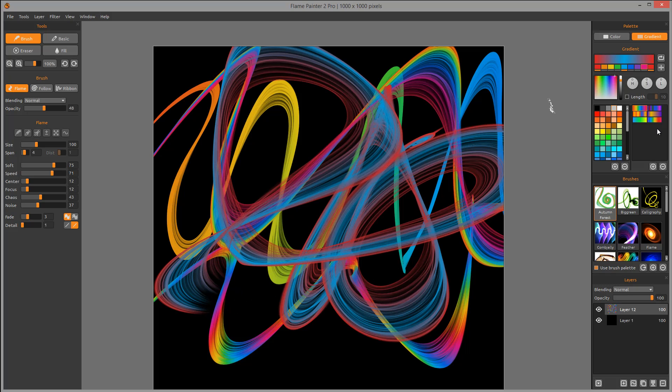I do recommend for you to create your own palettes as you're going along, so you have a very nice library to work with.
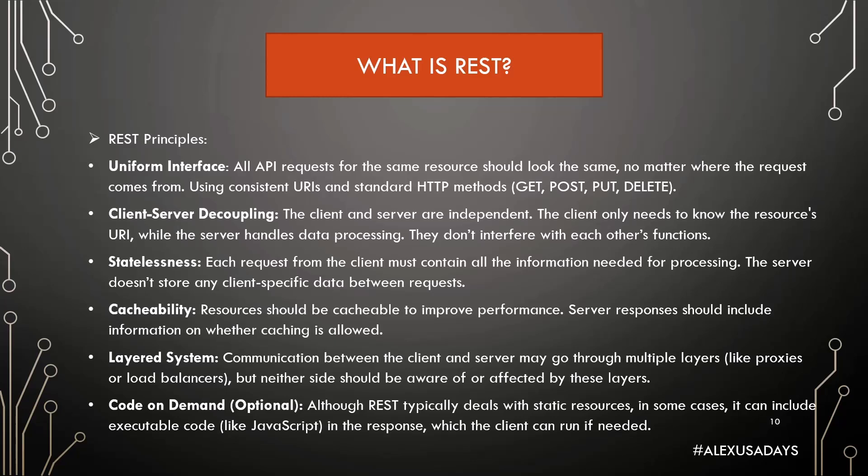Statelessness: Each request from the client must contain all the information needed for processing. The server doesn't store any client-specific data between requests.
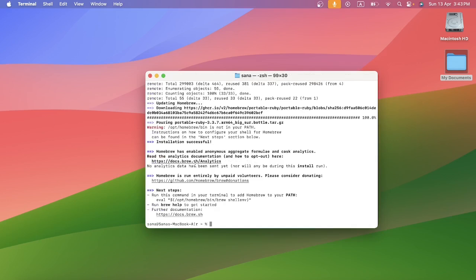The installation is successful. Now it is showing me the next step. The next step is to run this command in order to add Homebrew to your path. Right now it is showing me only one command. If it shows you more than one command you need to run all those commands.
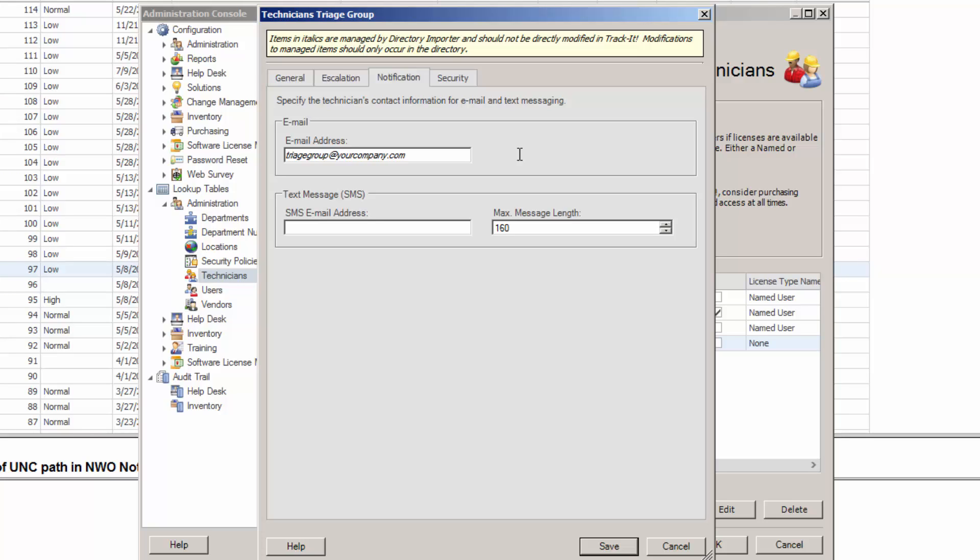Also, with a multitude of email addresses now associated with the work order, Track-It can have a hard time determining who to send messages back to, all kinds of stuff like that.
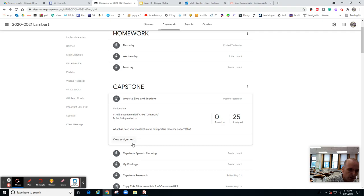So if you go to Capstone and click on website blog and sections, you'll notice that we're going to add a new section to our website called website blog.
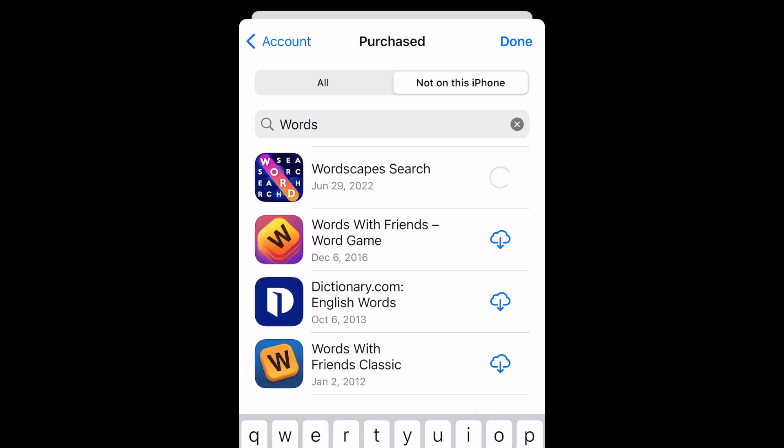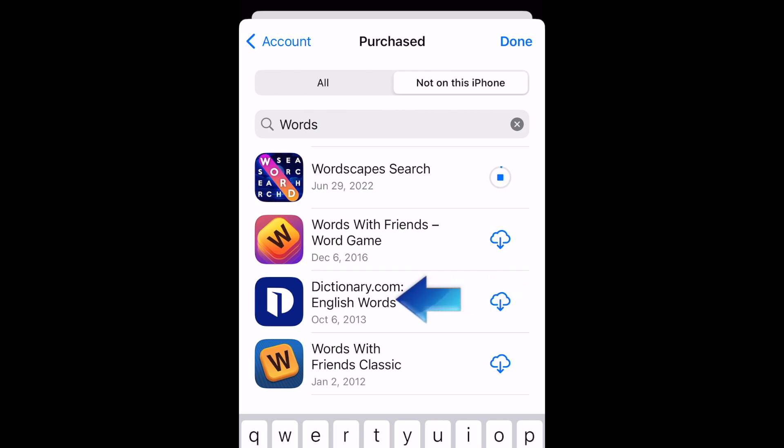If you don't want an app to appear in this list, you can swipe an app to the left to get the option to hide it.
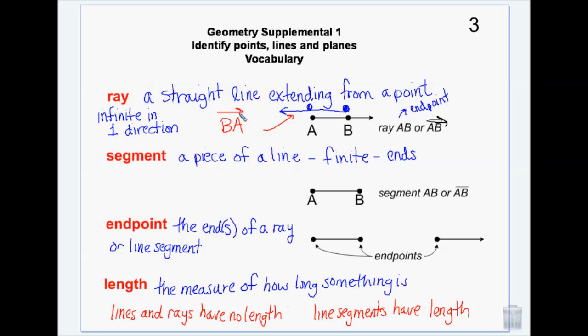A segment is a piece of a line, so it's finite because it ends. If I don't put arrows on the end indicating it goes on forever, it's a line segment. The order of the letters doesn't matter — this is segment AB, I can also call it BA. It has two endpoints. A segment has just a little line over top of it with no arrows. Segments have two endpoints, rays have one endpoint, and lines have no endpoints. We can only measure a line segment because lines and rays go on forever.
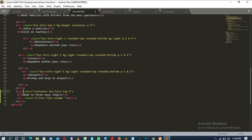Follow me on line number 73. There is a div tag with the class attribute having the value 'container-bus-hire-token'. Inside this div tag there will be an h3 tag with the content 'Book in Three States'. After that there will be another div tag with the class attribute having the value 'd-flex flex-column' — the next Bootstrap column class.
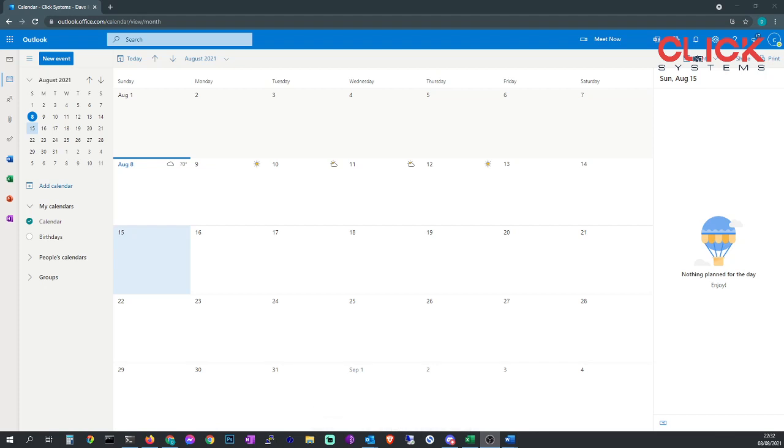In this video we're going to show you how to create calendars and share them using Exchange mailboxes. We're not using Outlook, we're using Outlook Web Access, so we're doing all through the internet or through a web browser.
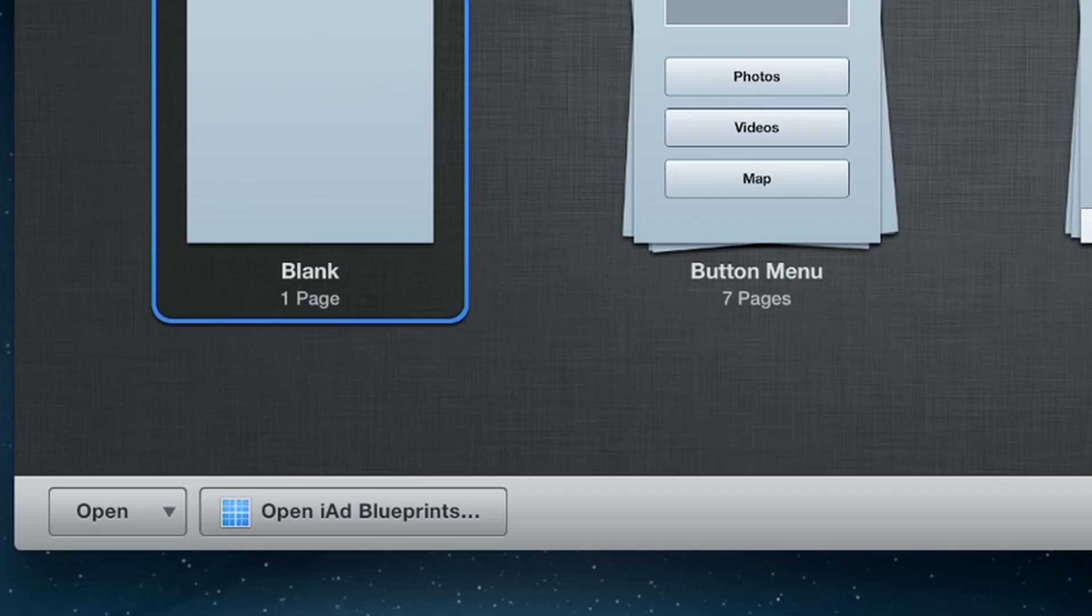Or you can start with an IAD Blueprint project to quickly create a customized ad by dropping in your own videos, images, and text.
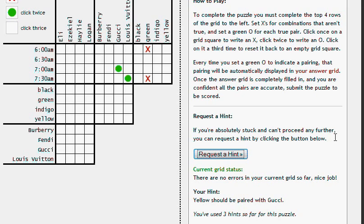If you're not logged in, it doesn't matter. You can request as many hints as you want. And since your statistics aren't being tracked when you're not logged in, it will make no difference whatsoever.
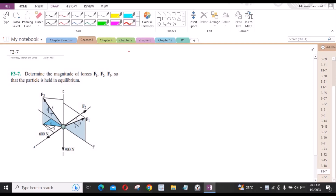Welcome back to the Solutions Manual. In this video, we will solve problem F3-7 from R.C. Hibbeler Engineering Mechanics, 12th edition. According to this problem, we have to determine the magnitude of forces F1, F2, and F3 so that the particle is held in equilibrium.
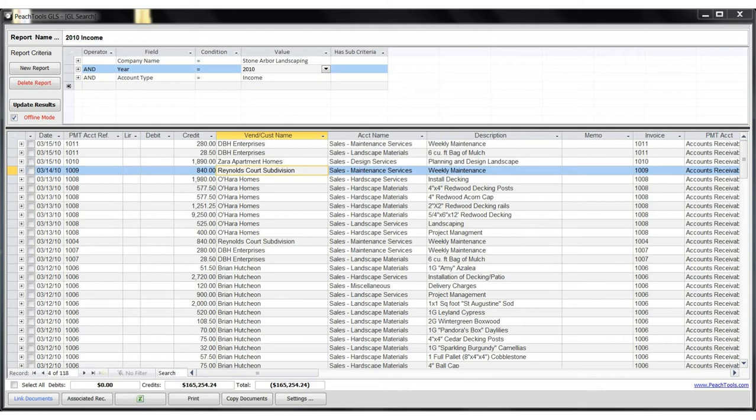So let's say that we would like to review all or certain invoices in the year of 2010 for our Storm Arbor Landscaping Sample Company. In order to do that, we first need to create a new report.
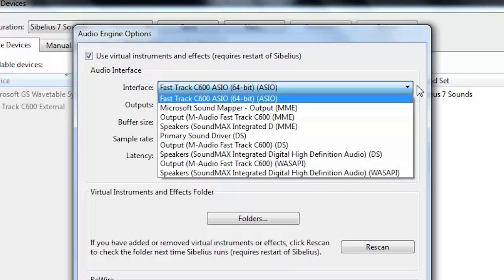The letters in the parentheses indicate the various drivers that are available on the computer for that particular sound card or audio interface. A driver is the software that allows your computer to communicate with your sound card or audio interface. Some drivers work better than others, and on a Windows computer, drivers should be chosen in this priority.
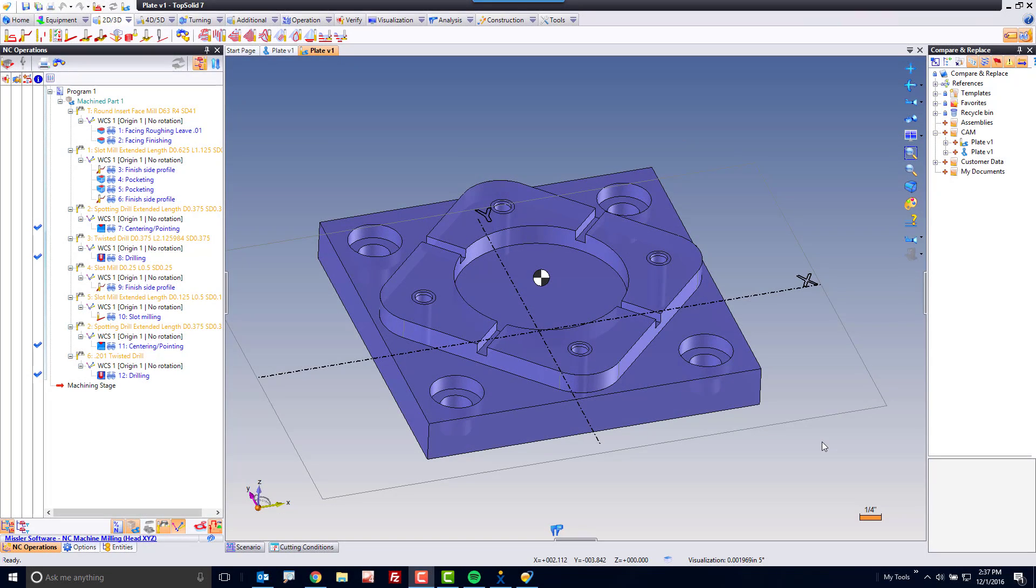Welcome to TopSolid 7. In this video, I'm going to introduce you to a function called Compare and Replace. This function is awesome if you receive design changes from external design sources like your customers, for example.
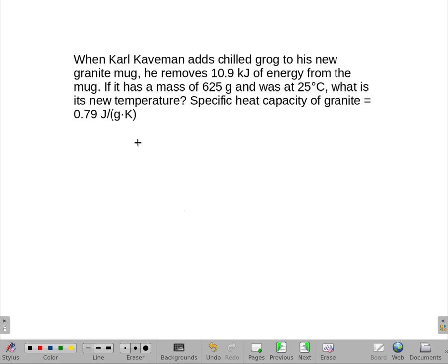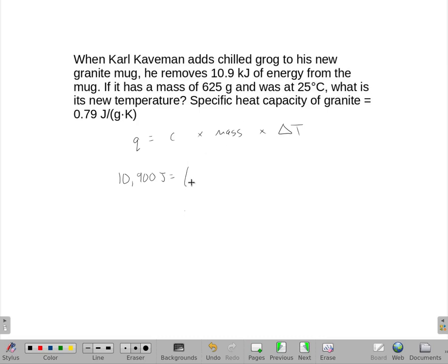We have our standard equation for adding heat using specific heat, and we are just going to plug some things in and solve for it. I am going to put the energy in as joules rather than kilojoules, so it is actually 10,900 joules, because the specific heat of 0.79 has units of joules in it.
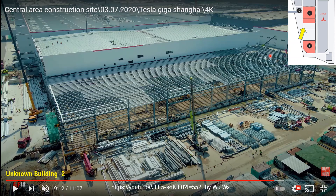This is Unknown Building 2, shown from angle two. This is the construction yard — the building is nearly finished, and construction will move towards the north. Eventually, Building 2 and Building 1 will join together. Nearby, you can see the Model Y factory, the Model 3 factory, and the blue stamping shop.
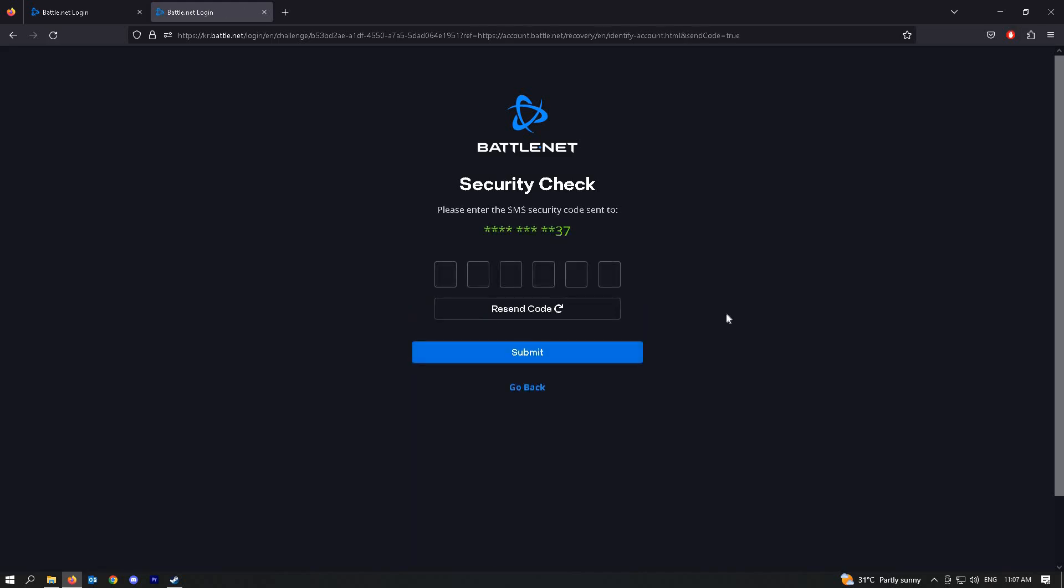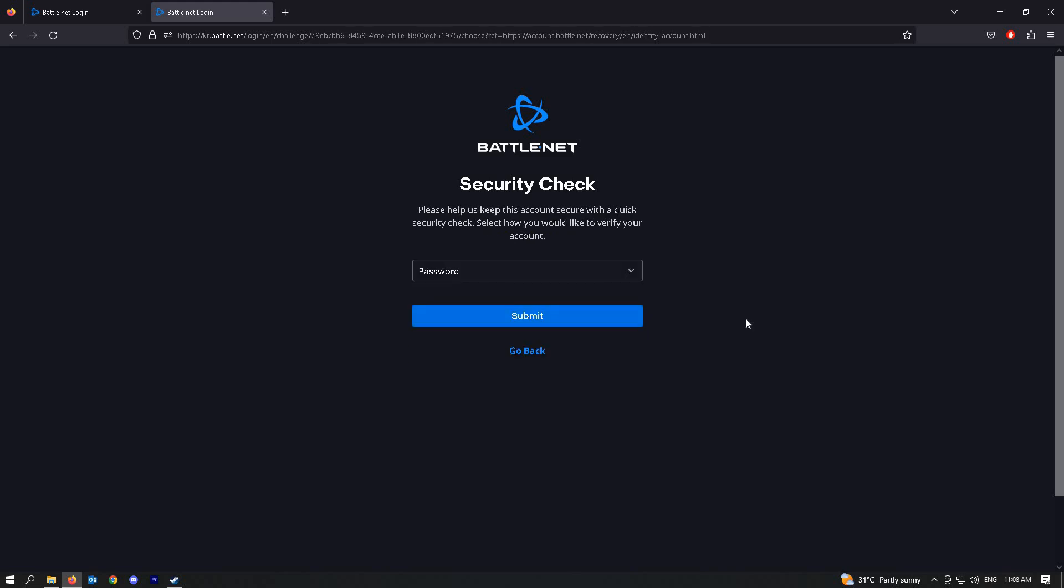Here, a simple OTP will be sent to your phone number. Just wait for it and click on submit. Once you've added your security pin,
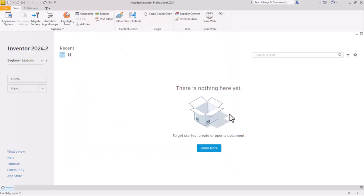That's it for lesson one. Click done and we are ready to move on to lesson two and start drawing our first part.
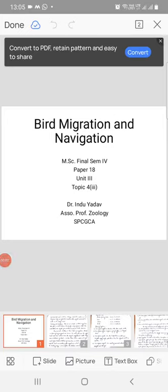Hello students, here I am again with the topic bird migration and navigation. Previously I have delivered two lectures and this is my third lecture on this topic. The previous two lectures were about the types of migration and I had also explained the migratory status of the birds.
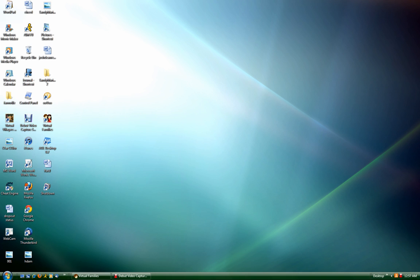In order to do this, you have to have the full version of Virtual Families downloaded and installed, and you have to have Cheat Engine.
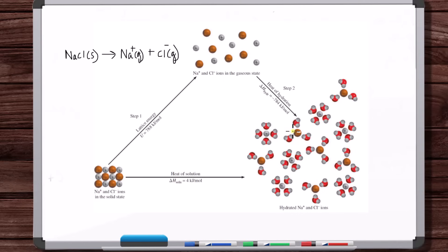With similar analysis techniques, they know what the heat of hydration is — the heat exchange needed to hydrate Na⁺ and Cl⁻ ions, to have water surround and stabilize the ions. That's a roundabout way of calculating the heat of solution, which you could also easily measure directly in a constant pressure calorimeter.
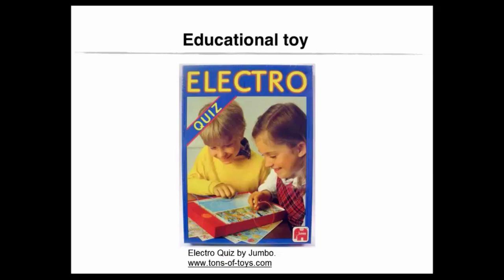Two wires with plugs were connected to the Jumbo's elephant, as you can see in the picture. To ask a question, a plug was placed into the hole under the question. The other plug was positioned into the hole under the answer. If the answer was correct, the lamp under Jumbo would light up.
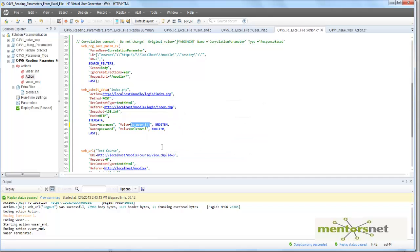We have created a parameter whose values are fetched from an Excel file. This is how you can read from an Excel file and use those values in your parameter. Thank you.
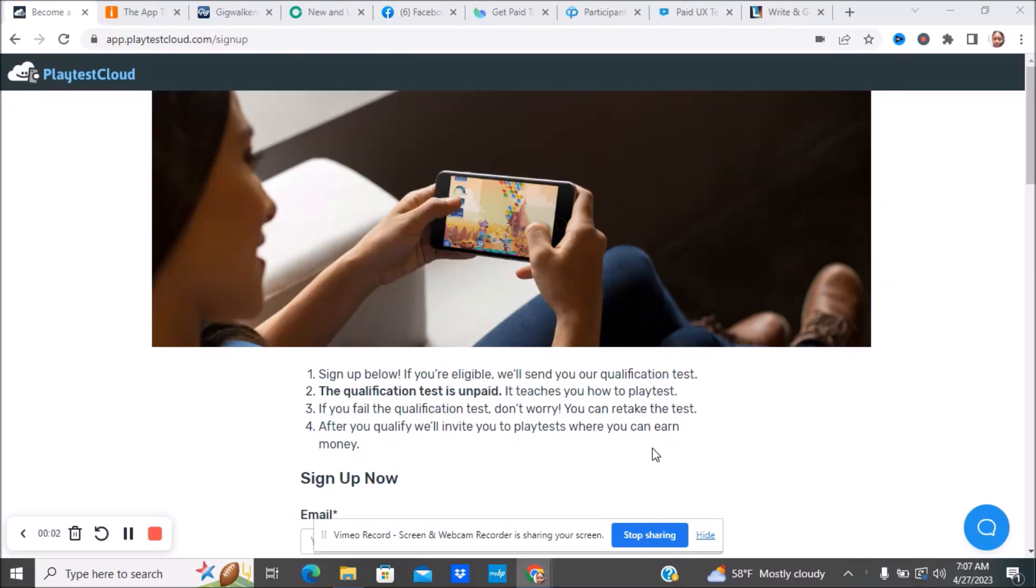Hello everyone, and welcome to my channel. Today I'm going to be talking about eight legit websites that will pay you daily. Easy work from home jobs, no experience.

----------

Having found the line with "If you're not" and the line with "Here, a simple" in the material above, write out exactly those two and every line between, leaving the pictures out.

If you're not logged in, it doesn't matter. You can request as many hints as you want. And since your statistics aren't being tracked when you're not logged in, it will make no difference whatsoever.
Welcome back to the Solutions Manual. In this video, we will solve problem F3-7 from R.C. Hibbeler Engineering Mechanics, 12th edition. According to this problem, we have to determine the magnitude of forces F1, F2, and F3 so that the particle is held in equilibrium.
So let's say that we would like to review all or certain invoices in the year of 2010 for our Storm Arbor Landscaping Sample Company. In order to do that, we first need to create a new report.
The letters in the parentheses indicate the various drivers that are available on the computer for that particular sound card or audio interface. A driver is the software that allows your computer to communicate with your sound card or audio interface. Some drivers work better than others, and on a Windows computer, drivers should be chosen in this priority.
Welcome to TopSolid 7. In this video, I'm going to introduce you to a function called Compare and Replace. This function is awesome if you receive design changes from external design sources like your customers, for example.
We have our standard equation for adding heat using specific heat, and we are just going to plug some things in and solve for it. I am going to put the energy in as joules rather than kilojoules, so it is actually 10,900 joules, because the specific heat of 0.79 has units of joules in it.
This is Unknown Building 2, shown from angle two. This is the construction yard — the building is nearly finished, and construction will move towards the north. Eventually, Building 2 and Building 1 will join together. Nearby, you can see the Model Y factory, the Model 3 factory, and the blue stamping shop.
Here, a simple OTP will be sent to your phone number. Just wait for it and click on submit. Once you've added your security pin,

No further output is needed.